= Task statement =
Would you copy exactly the lines in the data below from the one that has "76 Seine Maritime" through the one that has "Logan Cottage |", dropping any pictures?

= Supplied information =
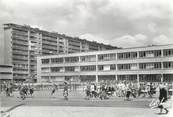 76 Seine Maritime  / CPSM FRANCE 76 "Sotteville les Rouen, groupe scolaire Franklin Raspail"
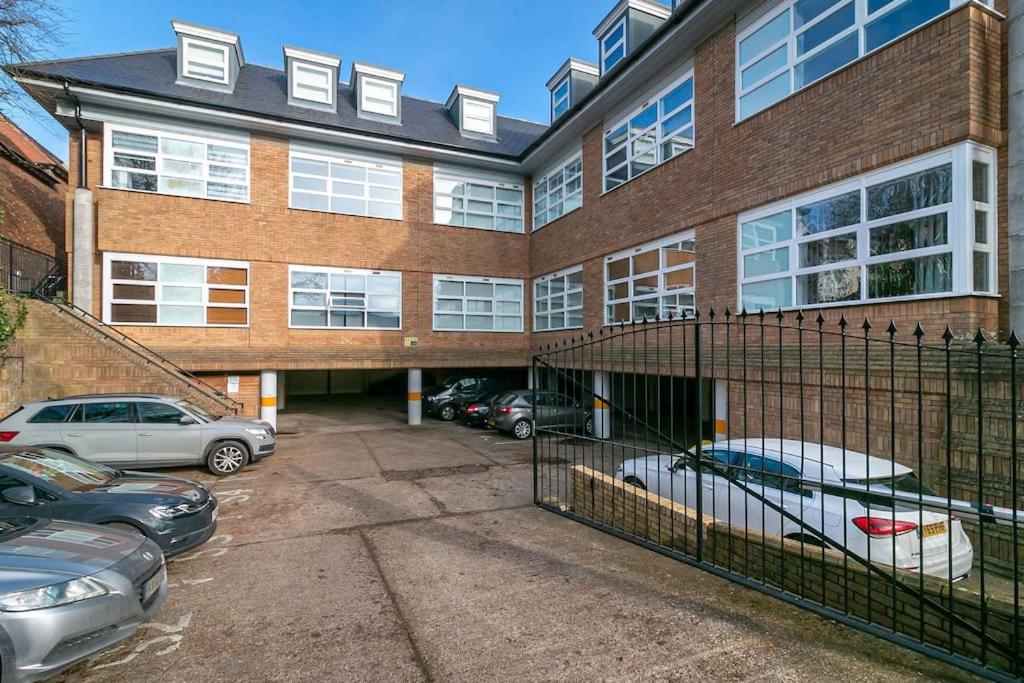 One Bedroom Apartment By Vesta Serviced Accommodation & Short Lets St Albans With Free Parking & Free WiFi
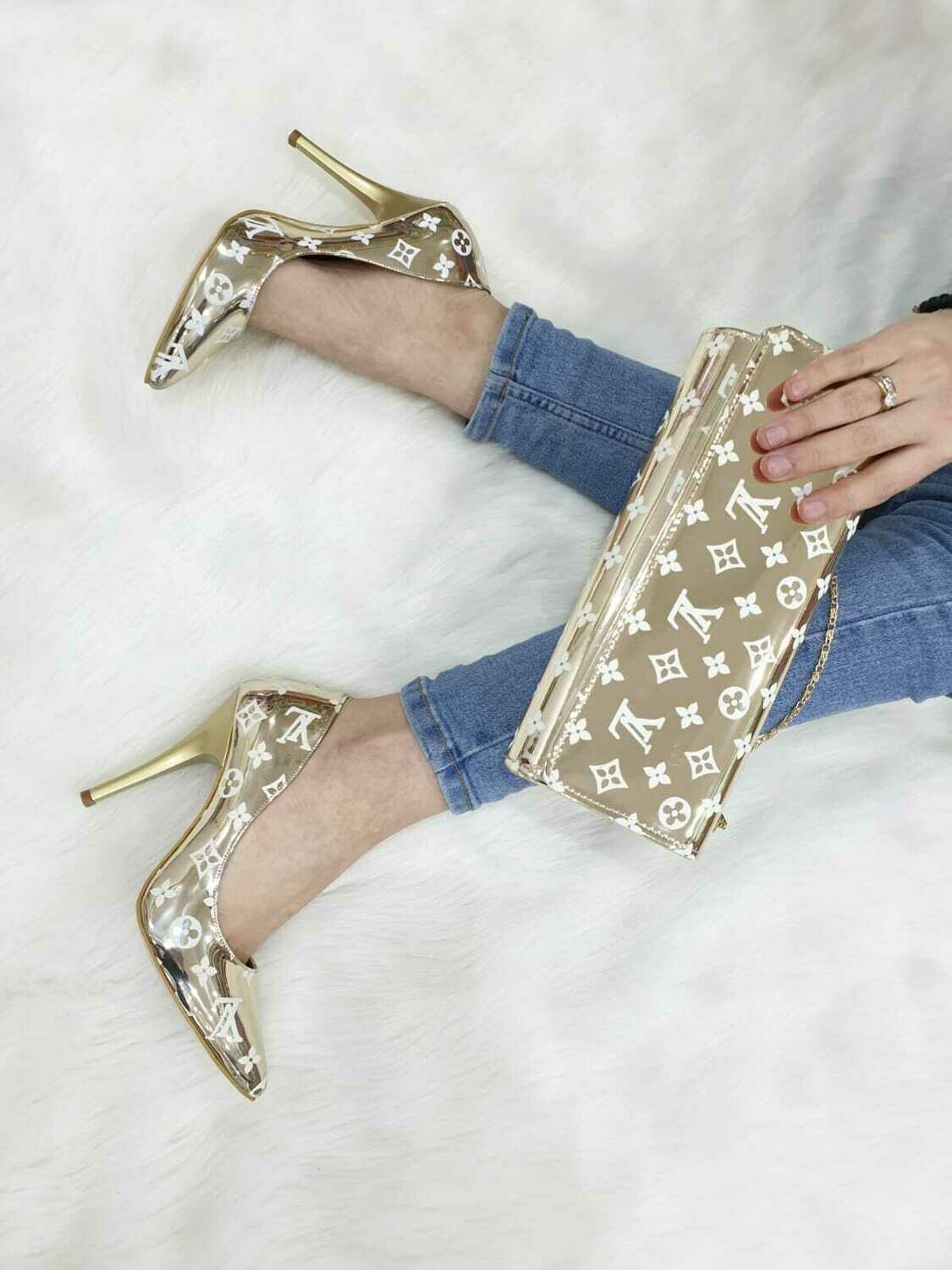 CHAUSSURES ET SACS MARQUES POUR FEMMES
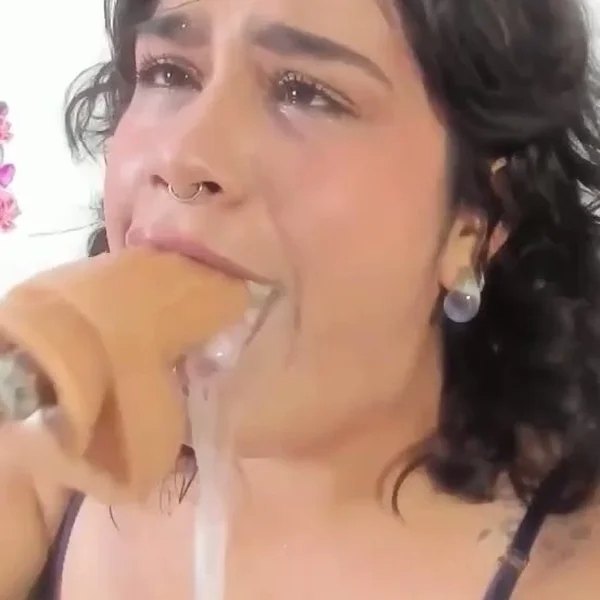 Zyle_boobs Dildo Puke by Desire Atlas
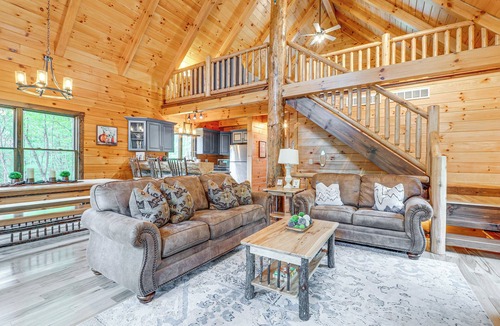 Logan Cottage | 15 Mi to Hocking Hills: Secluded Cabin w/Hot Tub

--

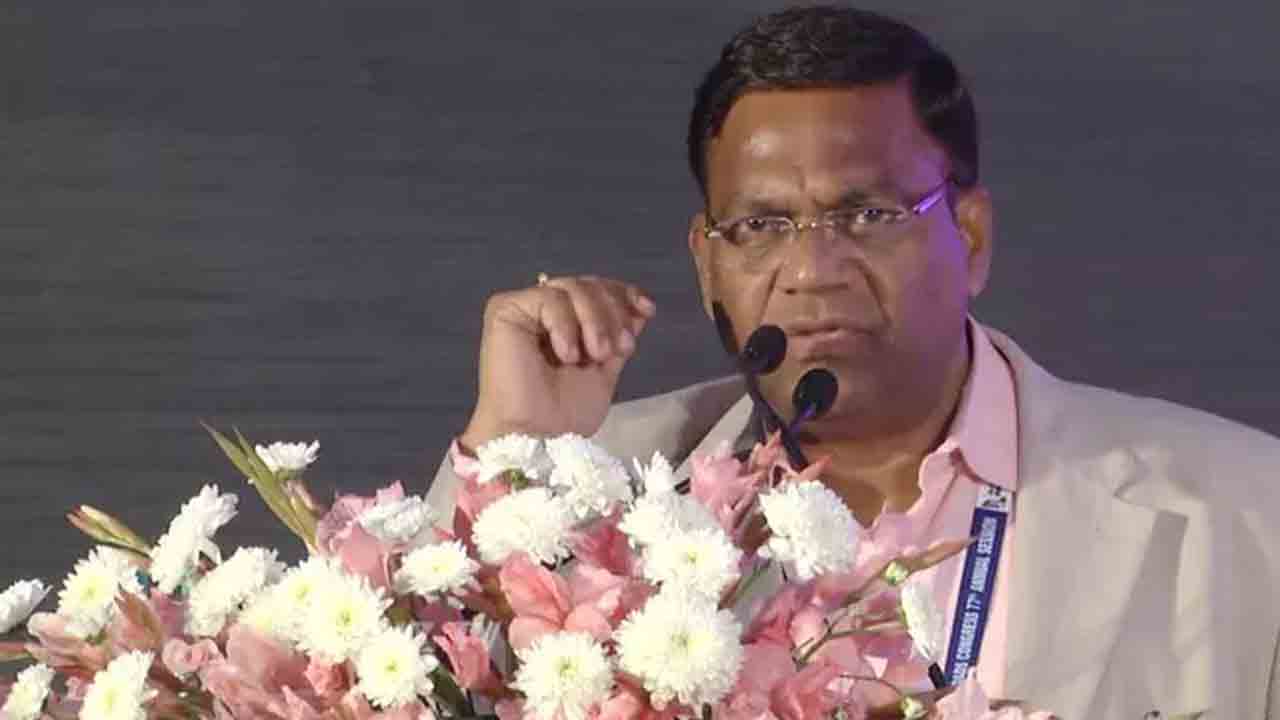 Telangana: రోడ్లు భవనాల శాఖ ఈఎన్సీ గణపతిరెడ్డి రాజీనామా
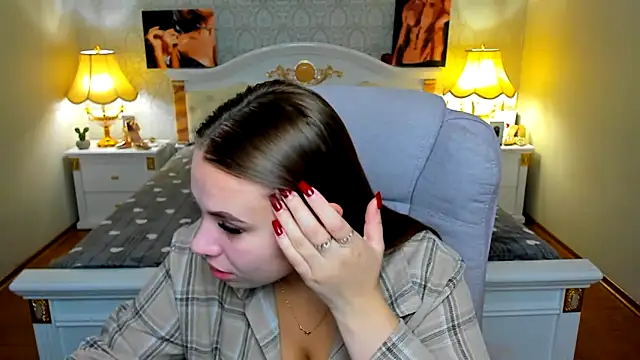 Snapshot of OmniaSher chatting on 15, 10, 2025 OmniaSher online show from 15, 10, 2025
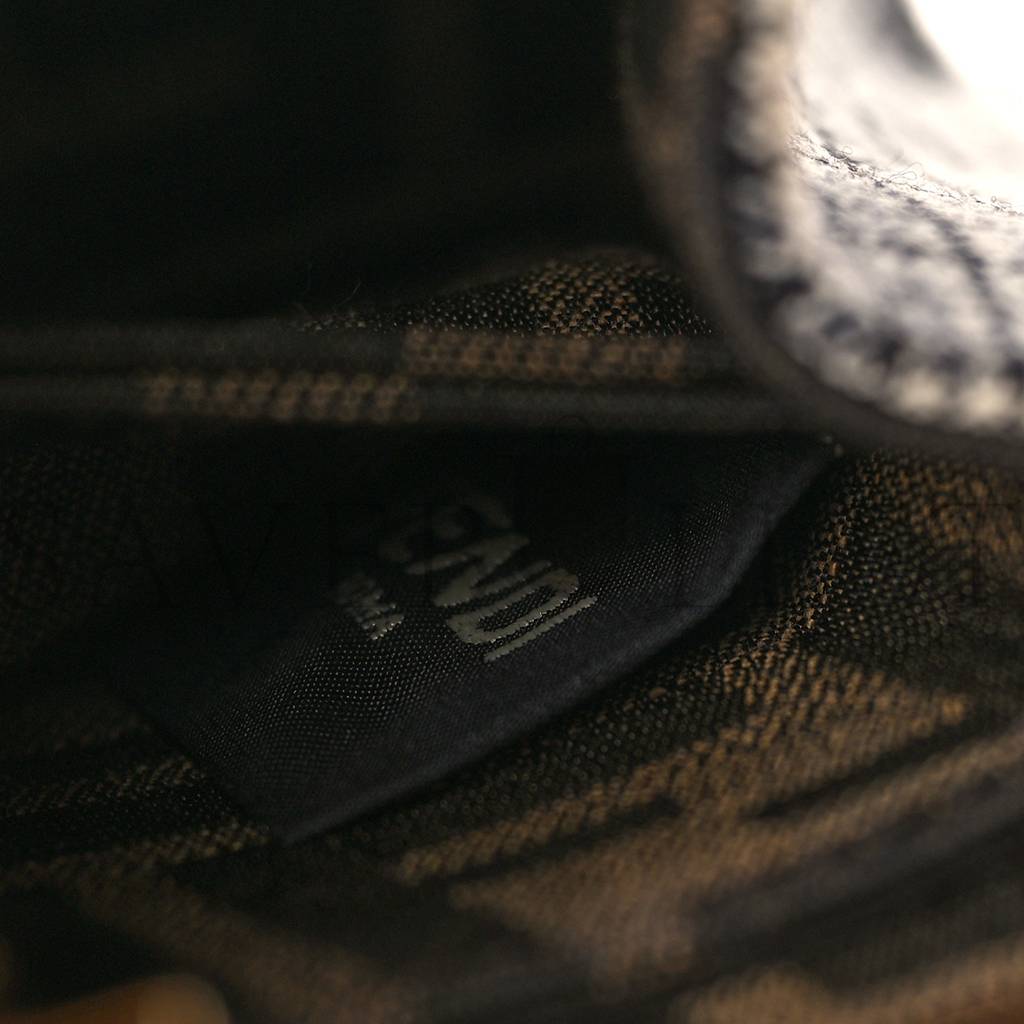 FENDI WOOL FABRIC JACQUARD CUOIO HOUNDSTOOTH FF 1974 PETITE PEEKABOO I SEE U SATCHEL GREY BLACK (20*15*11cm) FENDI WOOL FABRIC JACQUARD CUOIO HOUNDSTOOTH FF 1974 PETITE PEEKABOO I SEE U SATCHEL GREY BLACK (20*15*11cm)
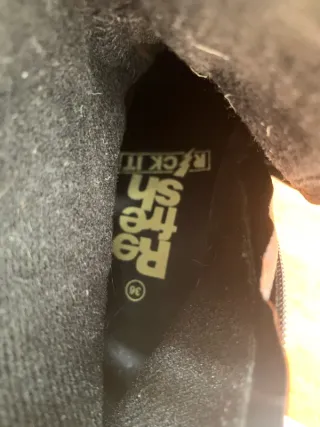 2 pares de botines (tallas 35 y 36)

...

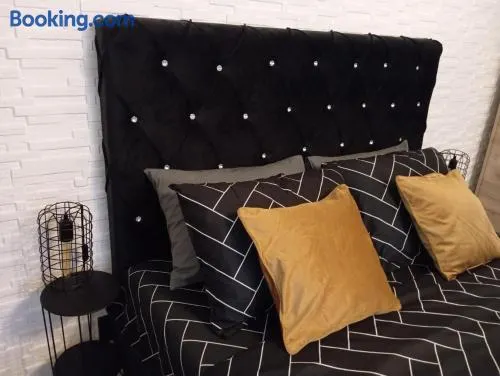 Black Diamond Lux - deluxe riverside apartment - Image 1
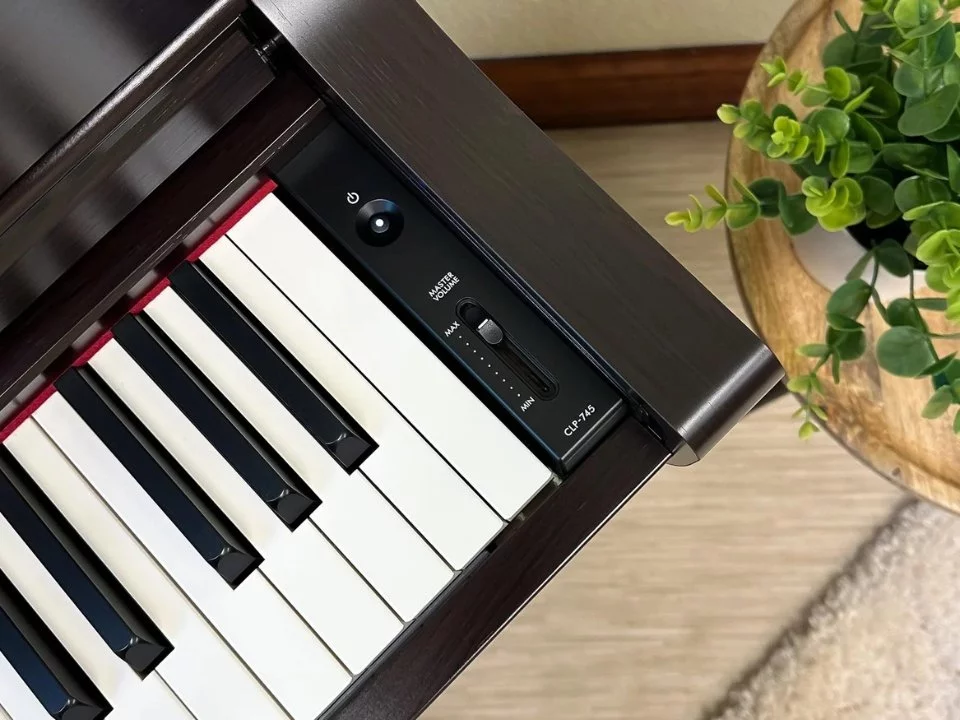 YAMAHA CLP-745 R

= Solved problem =
 76 Seine Maritime  / CPSM FRANCE 76 "Sotteville les Rouen, groupe scolaire Franklin Raspail"
 One Bedroom Apartment By Vesta Serviced Accommodation & Short Lets St Albans With Free Parking & Free WiFi
 CHAUSSURES ET SACS MARQUES POUR FEMMES
 Zyle_boobs Dildo Puke by Desire Atlas
 Logan Cottage | 15 Mi to Hocking Hills: Secluded Cabin w/Hot Tub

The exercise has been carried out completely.